Adana Barosu Kadın Hakları Komisyonu yaptığı yazılı açıklamada, TDK'nın, "müsait" kelimesini "flört etmeye hazır olan, kolayca flört edebilen (kadın)" olarak tanımlamasına tepki gösterdi.
Konuyla ilgili yazılı açıklama yapan Adana Barosu Kadın Hakları Komisyonu, Türk Dil Kurumu' nun internet sitesi üzerinden müsait kelimesinin anlamının son derece üzücü ve talihsiz bir olay olduğu belirtildi. Açıklamada, "Türk Dil Kurumu' nun bu açıklaması her şeyden önce dil bilgisi ve bilimine aykırıdır. Zira müsait kelimesinin akla gelen ilk anlamı uygun olup kişinin neye ve nasıl uygun olduğunu tanımlamaya tek başına yeten bir kelime değildir. Bunun için müsait kelimesinin yanına 'durmaya, gelmeye, gitmeye vs.' gibi belirteçlerin eklenmesi gerekmektedir ki ancak o zaman kişinin neye müsait olduğu yeterince anlaşılabilsin. Ancak günümüzde kuruluş amacı gereğince yalnızca bilim ve akla uygun olarak hareket etmesi gereken nice kurumun siyasal güdümün etkisi ile ne yazık ki bilimden ve akıl kurallarından yoksun kaldığı ne yazık ki bu şekilde ortaya çıkmaktadır" denildi.

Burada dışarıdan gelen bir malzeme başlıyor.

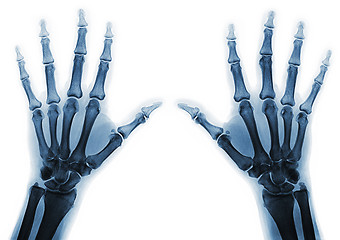 Image showing X-ray  hands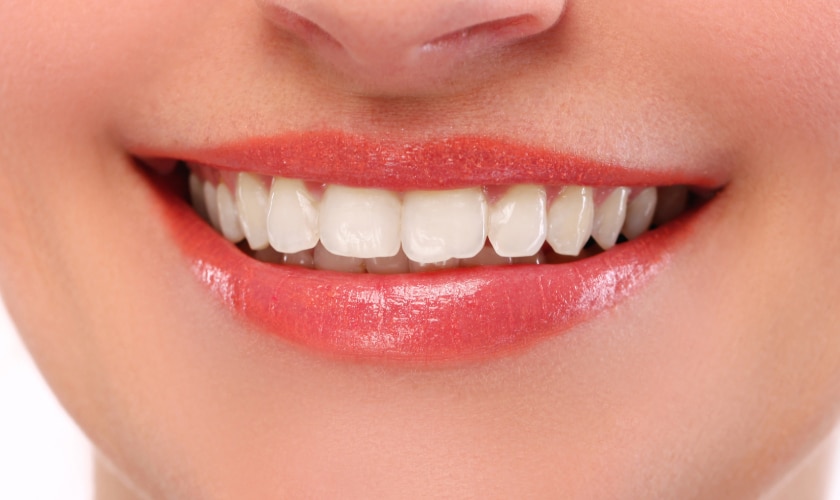 Teeth Whitening in Riverside - Inland Choice Dental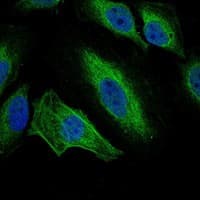 AURKA / Aurora-A Antibody (clone 1F8)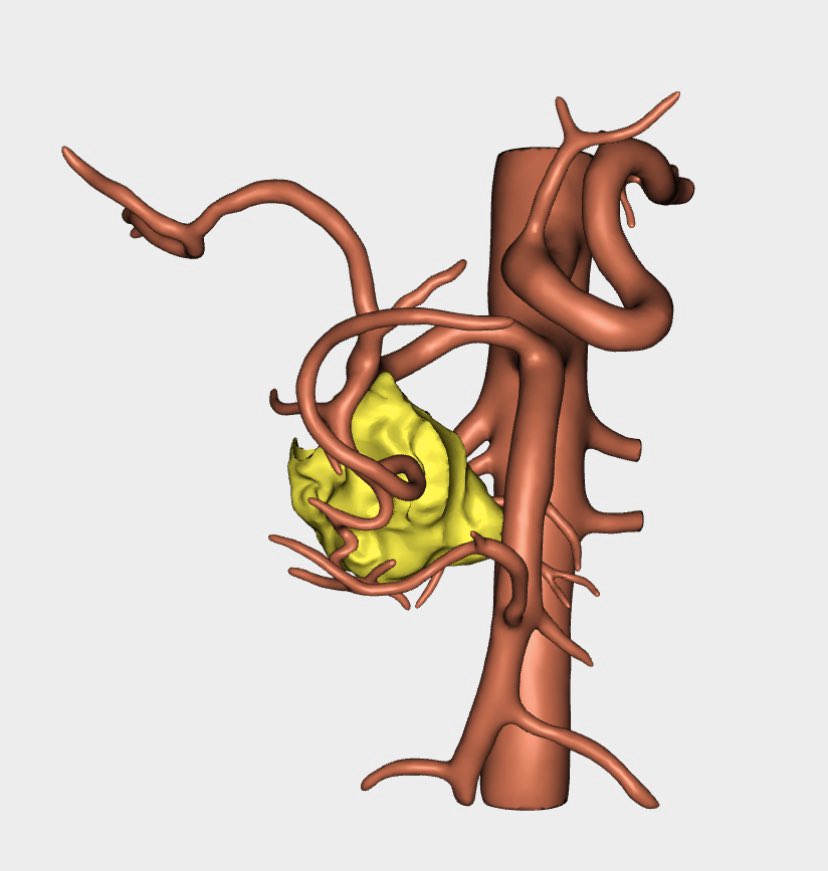 HBP_ClinicoValencia tweet media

Ayrıca, açıklamada "Flört etmek kınanacak, hor görülecek, eleştirilecek bir durum da değildir. Ülkemizdeki siyasi iktidarın çeşitli söylemleri ile öfke seviyesini artırmayı görev bildiği nice olayda ki bunlara gezi parkı olayları örnek gösterilebilir, insanların öfkelenmek yerine birbirleri ile iletişim kurmaları, bir arada seviyeli bir arkadaşlık yaşamaları, kınanacak değil, desteklenecek bir davranıştır. Flört eden kadınların taşlanması, idam edilmesi belki recm edilmesi, Mustafa Kemal tarafından kurulmuş olan biz Türkiye Cumhuriyeti' nin değil; akıl ve bilim yerine şeriat ve din kuralları ile yönetilen devletlerin uygulamalarıdır" şeklinde ifadelere yer verildi.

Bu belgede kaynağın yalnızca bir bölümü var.